Dicle Nehri’nin Öyküsü 04 Eylül 2024, 16:49
DİCLE NEHRİ’NİN ÖYKÜSÜ
İnanışa göre ALLAH tarafından bir vahiy gelir Danyal Peygambere. Ve ona şöyle denir.Ufak derenin ağzına asanla bir çizgi çiz. Sonra oradan Basra Körfezine doğru yürümeye başla, Dicle arkandan gelecektir. Kendisine hikmet ve kudret verilmiş peygamber üzerinde güzel giysisi, elinde asası ile bu küçük dereden yola çıktı. Önce peygamber ardından dere toprağı yararak ilerlemeye başladılar. Onlar yürüdükçe dağlardan kopup gelen kar suları ,ırmaklar ,çaylar ve dereler de Dicle’nin ulu çağıltısına katıldılar. Dağ ,taş suyun yüzeyi ile doldu. Danyal peygamber büyük bir dikkatle çiziyordu yolunu. Çünkü vahiyde ona denmişti ki güzergahını çizerken dikkat et. Yetimlerin evlerine, dulların ve vakıfların toprağına dokunma. Onların hakkını gözeterek, topraklarının etrafında dolaşarak yürü.
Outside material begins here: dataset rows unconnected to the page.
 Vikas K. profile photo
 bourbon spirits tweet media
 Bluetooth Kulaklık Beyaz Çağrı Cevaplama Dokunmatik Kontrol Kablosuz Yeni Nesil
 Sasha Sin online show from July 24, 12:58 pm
Efsaneye göre Dicle’nin bu kadar dolanbaçlı bu kadar girintili, çıkıntılı olması bu yüzdendir. Bazen derin vadilerden geçer, bazen geniş bir yatak içinde akar. Hasankeyf’e geldiğinde kısa bir mola verir. Sonra yeniden dar ve derin boğazlara girerek Mardin eşiğini yarar ve Cizre düzlüğüne iner . Musul’u Bağdat’ı geçerek Fırat’la buluşur ve denize karışır gider. O hem kıyısında uygarlıklar kurulan bir nehir hem de Danyal peygamberin ayak izidir. Eski dünya uygarlıkları daha çok nehirlerin ve denizlerin kıyısında kurulmuş. İşte Nil ,Fırat , Dicle ve dünyanın bütün diğer nehirleri böyle muhteşem uygarlıkların içinden akmışlar. Hasankeyf te bir nehir uygarlığı. İlk ayrıcalığı Dicle’nin kıyısında olmak sonra insan emeği ,onun bilgi ve birikimidir…
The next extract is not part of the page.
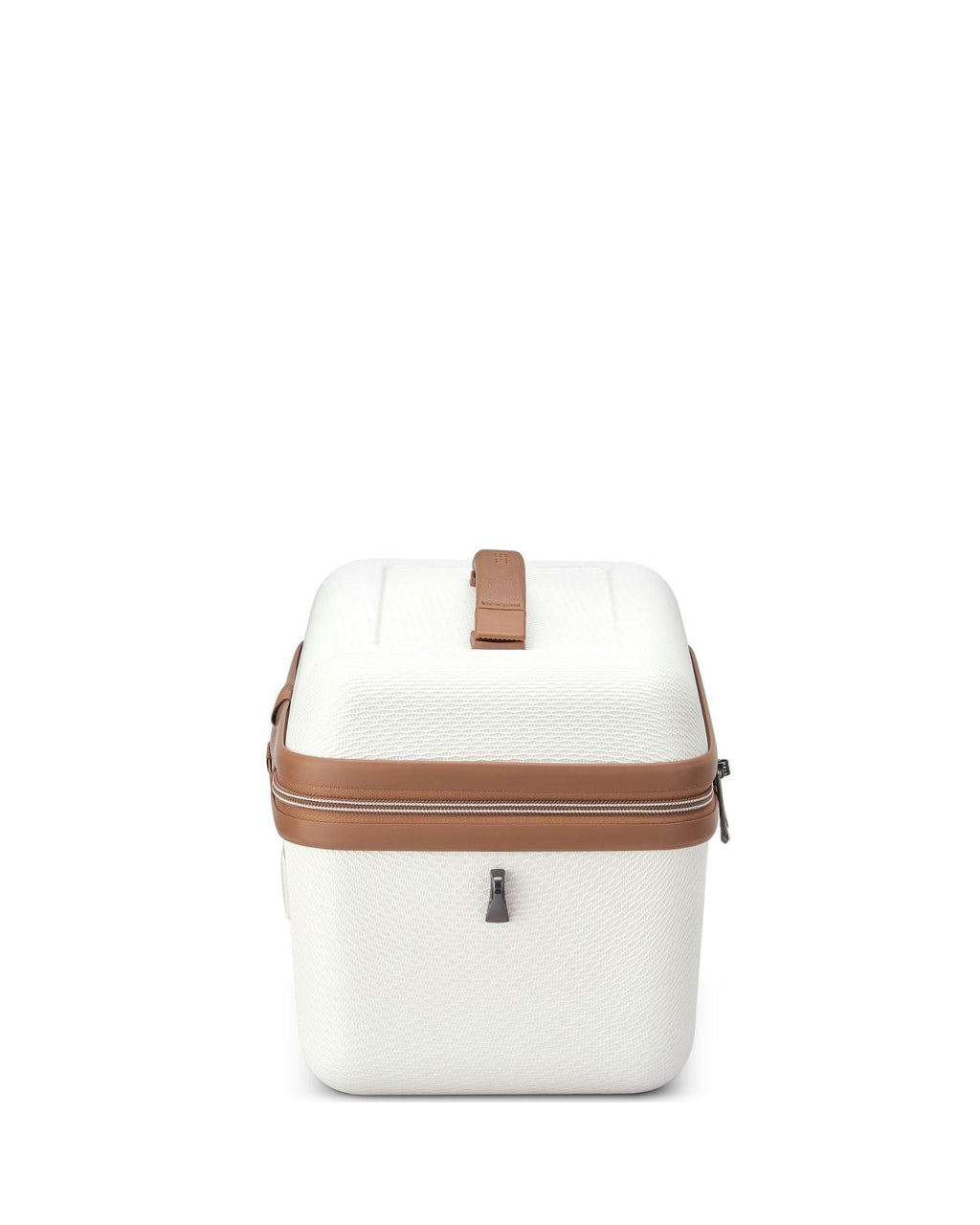 Delsey Chatelet Air 2.0 Hardside Beauty Case - 15L - Angora Image 6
Dört hak kitapta Nil, Fırat ve Dicle kutsal nehirler olarak geçer. Dicle Nehrinin yedi tane gözesi vardır, yedi ayrı mağaradan çıkıyor. Bu yedi göze birbirlerini tamamlayınca Dicle Nehri oluşuyor. Dicle adında çok rivayetler vardı. Bilim adamları yeryüzünün oluşumunun dört milyar yıl olduğunu araştırırken Dicle nehrinin de üç milyar yıl olduğunu rivayet etmektedirler. Kutsal kitaplarda Danyal peygamberin mucizesine dönüşmüş. Canlıların ilk barınağı ve sığınağıdır. Volkanik Karacadağ patlamış. Ateş lavları Dicle’ye kadar akmış ve Dicle’nin kutsallığı karşısında ateş ve su kardeş olmuş, kutsal kitaplara konu olmuş. Tevrat’ta Digris, İncil’de Tigris, Kuran’da Dicle olarak yazılmış. Akışındaki hüzün ve ses bizim acılarımız ve ağıtlarımızdır. Bu sese kuşlar, böcekler ve diğer canlılar eşlik eder. Mezopotamya güneşinin ilham perisidir.. Mezopotamya’nın atar damarlarından biridir. Akışıyla toprağa hayat, canlılara can, havaya dirhemdir. Tüm canlıların yaşam kaynağı ve barınağıdır. İlk evler, köyler, ilk antik kentler burada kurulmuş. İlk buğday, ilk arpa ve ilk mercimek burada filizlenmiş, ilk hayvanlar burada evcilleştirilmiştir. İlk aşklar ve sevdalar bu kutsal topraklarda başlamış ve bu kutsal nehrin kıyısında yeşerip günümüze ilham kaynağı olmuştur .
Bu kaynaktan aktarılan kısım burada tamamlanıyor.